**WHAT TO PRODUCE:**
What you write must match, character for character, the lines from the one with "Khoanh gỗ vẽ" down to the one with "511 N Hickory Property Photo 8" in the listing below, minus its pictures.

**SOURCE DATA:**

========

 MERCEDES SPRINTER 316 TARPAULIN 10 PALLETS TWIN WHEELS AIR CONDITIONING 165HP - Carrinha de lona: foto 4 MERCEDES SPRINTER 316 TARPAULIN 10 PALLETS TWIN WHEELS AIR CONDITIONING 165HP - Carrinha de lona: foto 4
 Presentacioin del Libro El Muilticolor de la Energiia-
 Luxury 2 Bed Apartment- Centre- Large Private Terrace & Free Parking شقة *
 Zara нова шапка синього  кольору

========

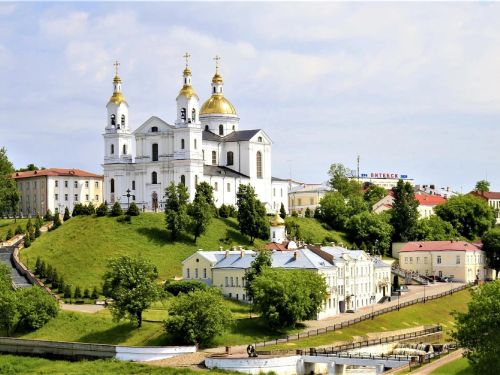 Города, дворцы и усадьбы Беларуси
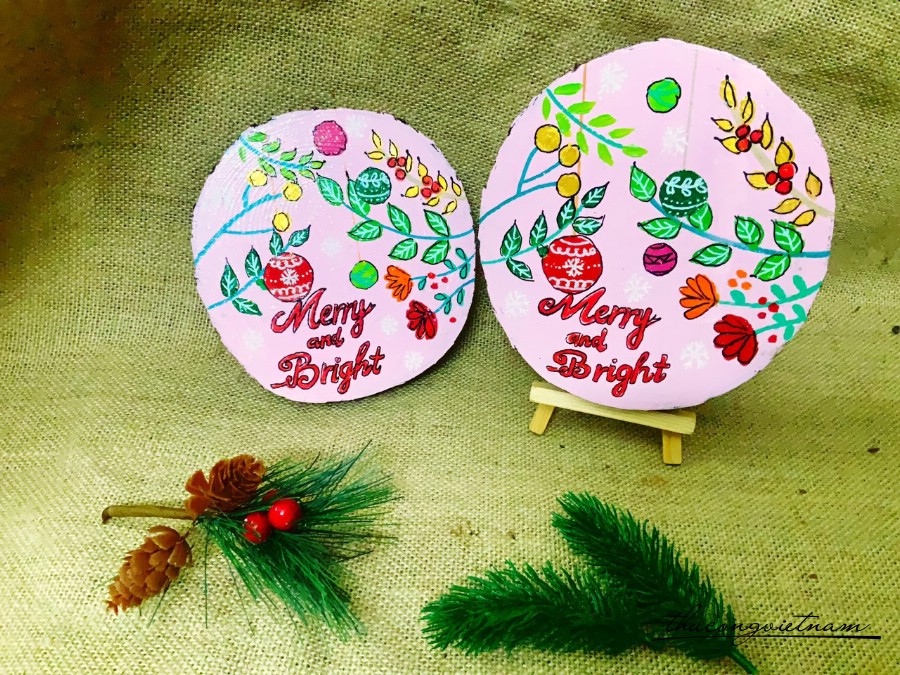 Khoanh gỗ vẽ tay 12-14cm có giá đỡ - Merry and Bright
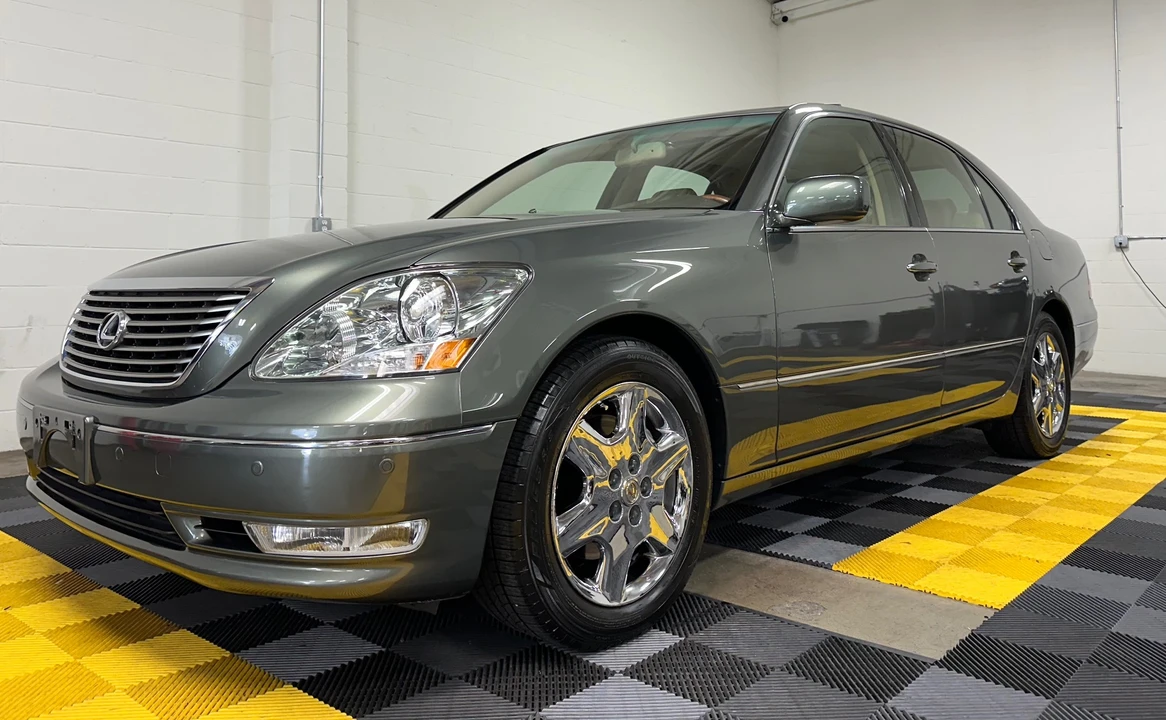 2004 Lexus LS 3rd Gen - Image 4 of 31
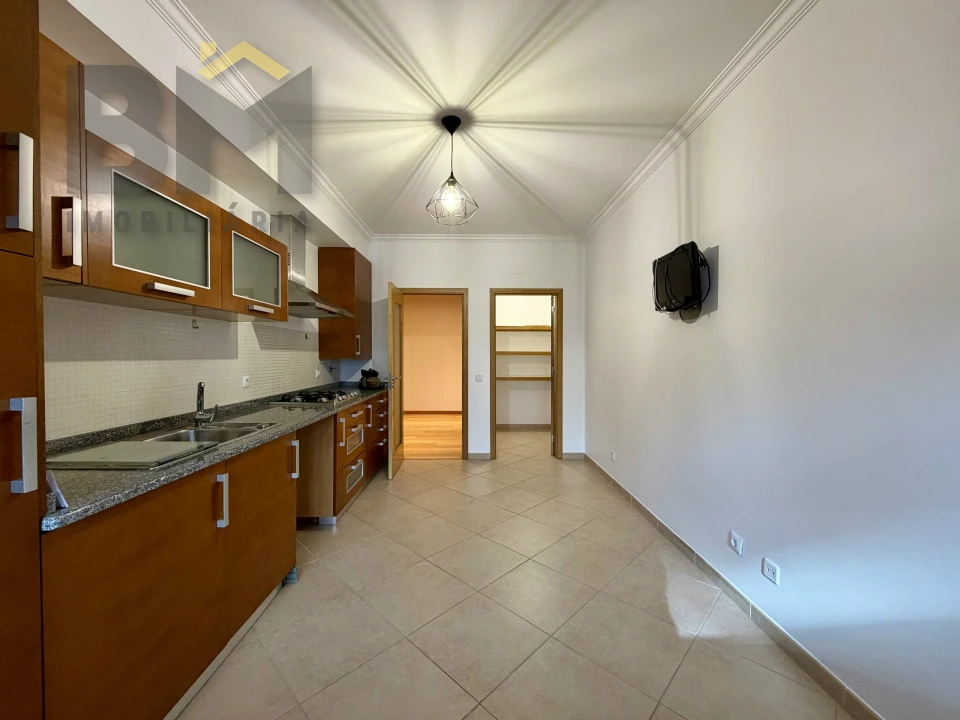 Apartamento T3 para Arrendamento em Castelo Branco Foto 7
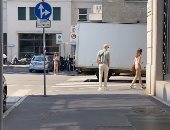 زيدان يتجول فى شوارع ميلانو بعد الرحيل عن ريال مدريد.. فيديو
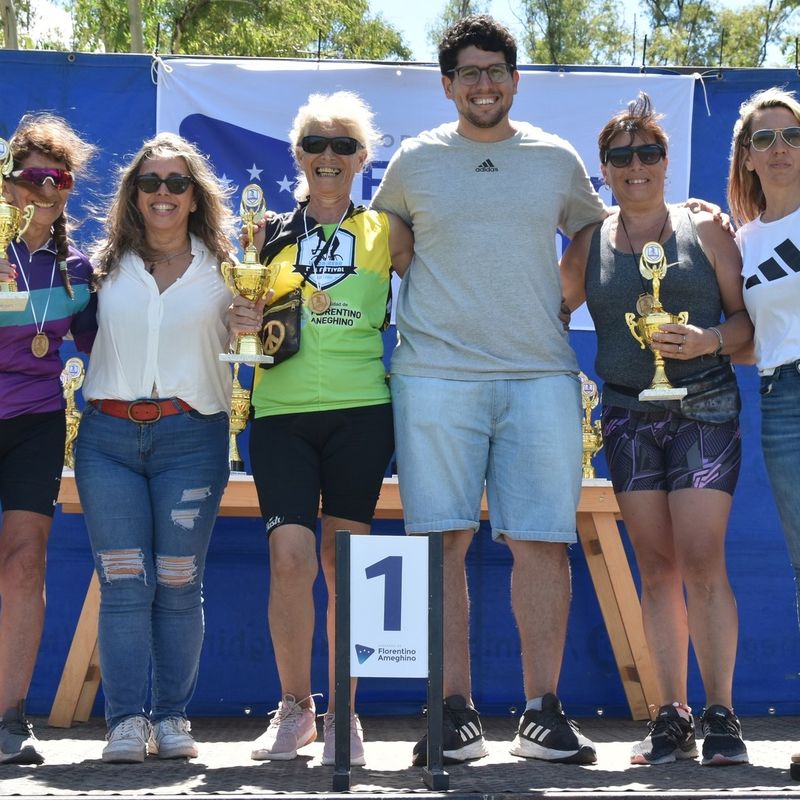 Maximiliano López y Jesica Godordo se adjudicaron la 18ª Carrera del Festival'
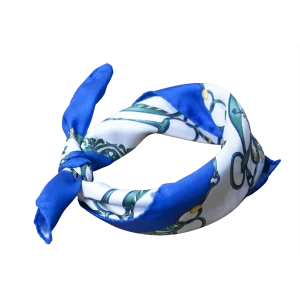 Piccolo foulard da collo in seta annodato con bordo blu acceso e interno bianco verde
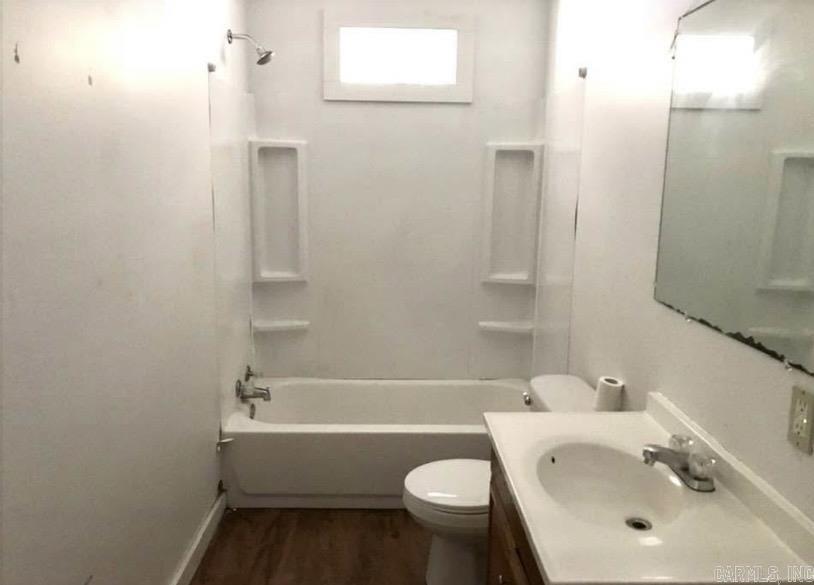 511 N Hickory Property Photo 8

========

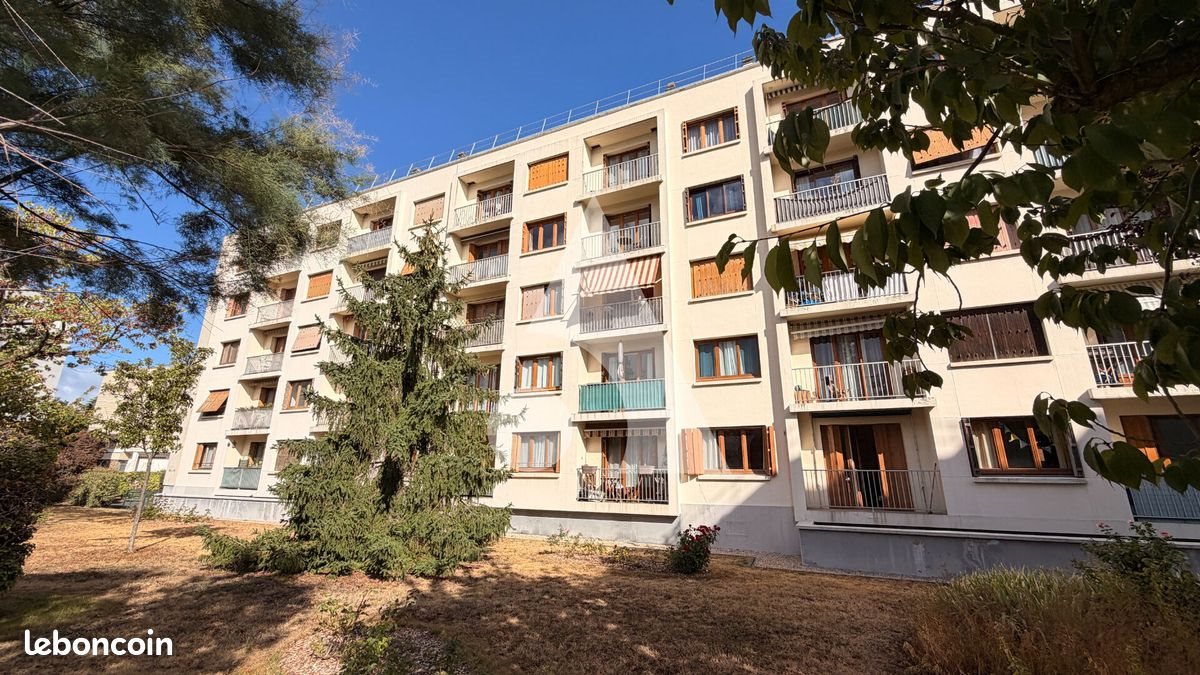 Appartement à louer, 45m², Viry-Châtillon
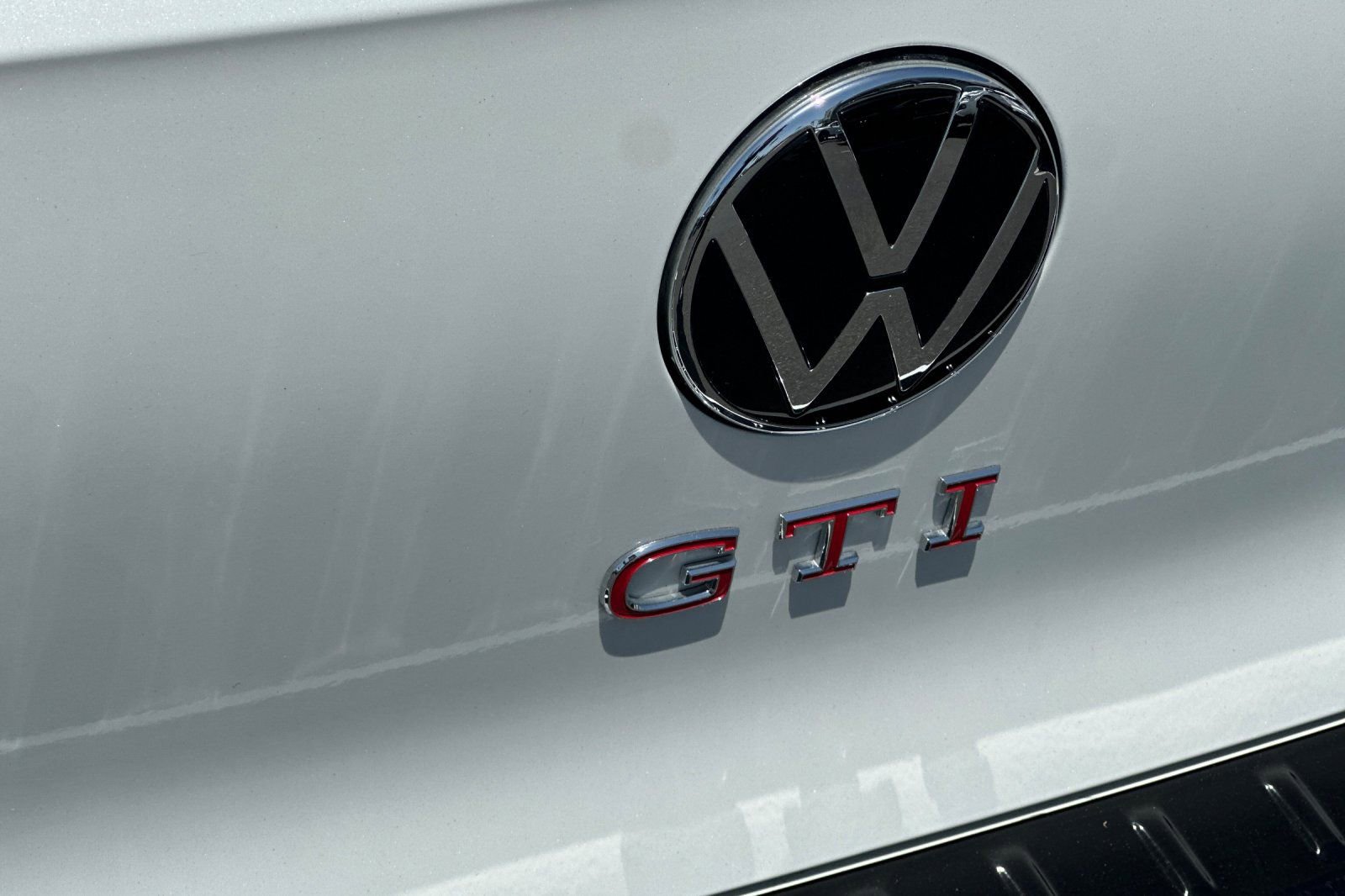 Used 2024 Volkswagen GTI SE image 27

========

**EXERCISE OUTPUT:**
 Khoanh gỗ vẽ tay 12-14cm có giá đỡ - Merry and Bright
 2004 Lexus LS 3rd Gen - Image 4 of 31
 Apartamento T3 para Arrendamento em Castelo Branco Foto 7
 زيدان يتجول فى شوارع ميلانو بعد الرحيل عن ريال مدريد.. فيديو
 Maximiliano López y Jesica Godordo se adjudicaron la 18ª Carrera del Festival'
 Piccolo foulard da collo in seta annodato con bordo blu acceso e interno bianco verde
 511 N Hickory Property Photo 8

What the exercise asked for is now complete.